Task to complete. Once the line containing "4.75, Serrated: None" is found in the entries below, restate it and each following line word for word, stopping after the line containing "Sir Philip Green".

Exercise input.
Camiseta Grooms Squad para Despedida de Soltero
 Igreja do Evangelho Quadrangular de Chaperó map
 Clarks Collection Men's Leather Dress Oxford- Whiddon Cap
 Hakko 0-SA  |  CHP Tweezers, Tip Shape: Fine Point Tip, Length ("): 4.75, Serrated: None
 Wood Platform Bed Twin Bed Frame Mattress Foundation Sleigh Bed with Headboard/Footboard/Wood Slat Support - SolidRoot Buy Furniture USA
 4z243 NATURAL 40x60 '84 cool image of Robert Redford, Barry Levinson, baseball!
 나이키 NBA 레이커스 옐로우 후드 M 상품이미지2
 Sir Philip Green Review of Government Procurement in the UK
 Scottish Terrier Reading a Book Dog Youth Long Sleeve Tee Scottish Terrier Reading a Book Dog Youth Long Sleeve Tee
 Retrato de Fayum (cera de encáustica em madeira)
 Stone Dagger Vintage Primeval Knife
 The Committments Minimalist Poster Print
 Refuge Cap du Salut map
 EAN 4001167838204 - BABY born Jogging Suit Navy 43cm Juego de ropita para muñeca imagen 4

Written solution.
 Hakko 0-SA  |  CHP Tweezers, Tip Shape: Fine Point Tip, Length ("): 4.75, Serrated: None
 Wood Platform Bed Twin Bed Frame Mattress Foundation Sleigh Bed with Headboard/Footboard/Wood Slat Support - SolidRoot Buy Furniture USA
 4z243 NATURAL 40x60 '84 cool image of Robert Redford, Barry Levinson, baseball!
 나이키 NBA 레이커스 옐로우 후드 M 상품이미지2
 Sir Philip Green Review of Government Procurement in the UK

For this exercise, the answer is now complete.